At Stone Point Capital, he’s backed ventures ranging from insurance companies to community banks to cloud-based computing firms. But he said the best deal is always the most recent. At the time of the forum, the firm had just negotiated the sale of an insurance company to Tokio Marine Holdings for $3.3 billion.
Clearly, like a team that faces an early deficit, Davis turned around an inauspicious start in finance. But in 2008 personal tragedy rocked his world and shifted some of his focus. His son Tucker, who had never so much as spent a night in the hospital, went to the emergency room because of severe leg pain. That pain turned out to be a blood clot brought on by a rare form of cancer. Tucker was diagnosed with Stage 4 fibrolamellar hepatocellular carcinoma and battled for 19 months when the prognosis was only a month or two. During his fight, he established the Fibrolamellar Cancer Foundation.
“He set up a foundation, and he said to his mom and I, ‘If we can’t cure this for me, I want you to cure it for everyone else,’” Davis said. “We’ll never forget him saying that.”
The foundation raises awareness, connects patients and families, and provides grants to researchers working on a cure. This funding has helped scientists discover the gene that mutates and causes the cancer—a huge breakthrough, Davis said.
In addition to philanthropy, the devastating loss of his son has perhaps influenced some of Davis’ business strategies. For instance, he said Stone Point Capital has invested in several countercyclical businesses—companies specializing in things like bankruptcy software and consumer debt consolidation—which are set up to do well during hard times. It’s a wise financial move, yes, but it’s also hard not to separate the strategy from a man who has dealt with the most difficult situation anyone can imagine.
Losing Tucker also seems to have grounded Davis.
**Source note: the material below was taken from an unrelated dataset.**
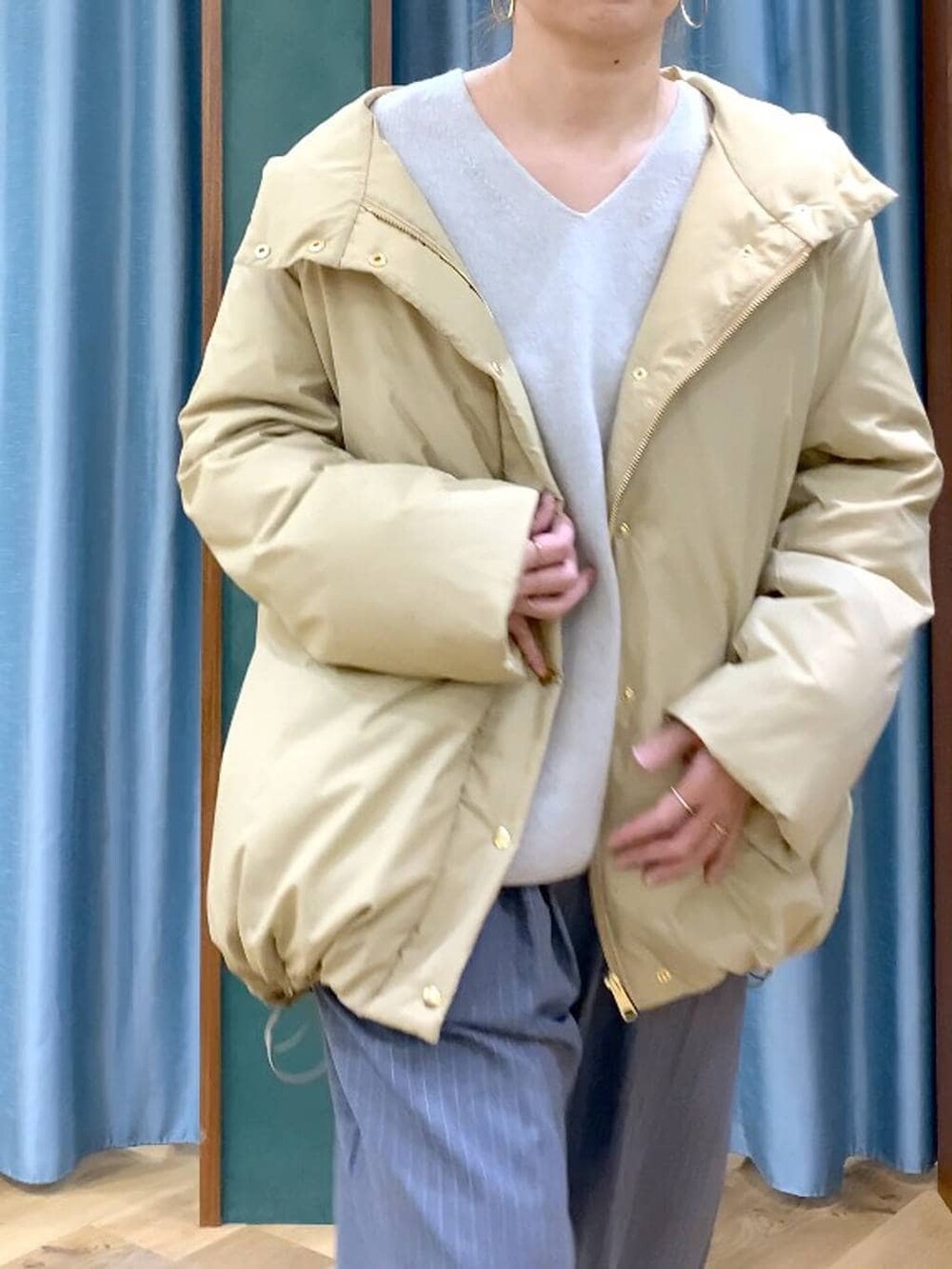 ベージュ系のダウンジャケット/コート、ベージュ系のニット/セーター、ブラック系のブーツを着用したレディースの冬コーディネートの6枚目の写真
When asked by Rubenstein to reflect on his greatest accomplishments, Davis didn’t tout any big moneymaking deals. Instead, he talked about diversity and inclusion, specifically the fact that two companies he is involved with—Hershey’s and Progressive—are run by brilliant, dynamic women.
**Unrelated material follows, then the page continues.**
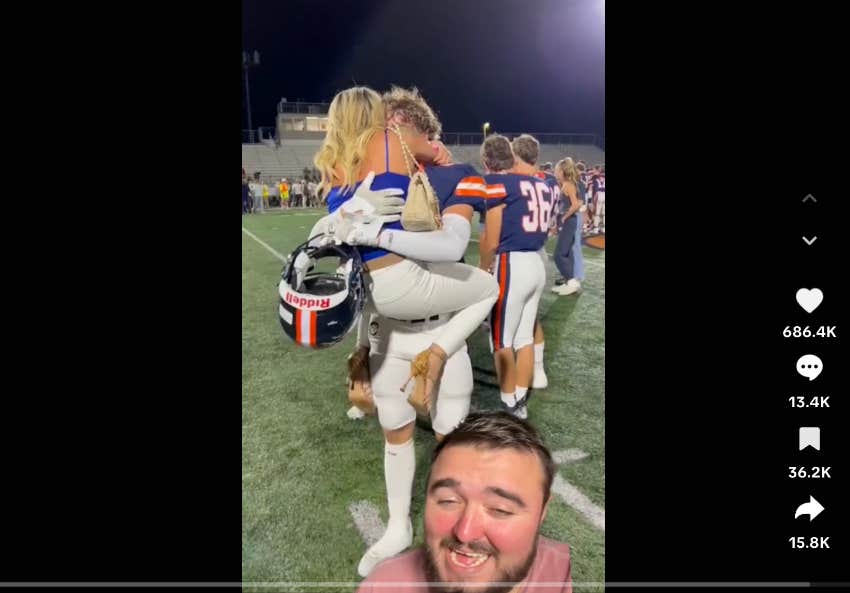 mom hugging son after football game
He explained that movies like The Big Short have portrayed anomalous behavior by private equity firms, thus tainting the reputation of the industry. “But the fact of the matter is the everyday business of private equity is a good business. It’s done by credible, hardworking, solid, high-integrity people,” he said. “Diversity and inclusion is something we have focused on a lot. I’m proud of the environment we work in. It’s very collegial and cooperative,” said the former physical education major. “Much like a sports team.”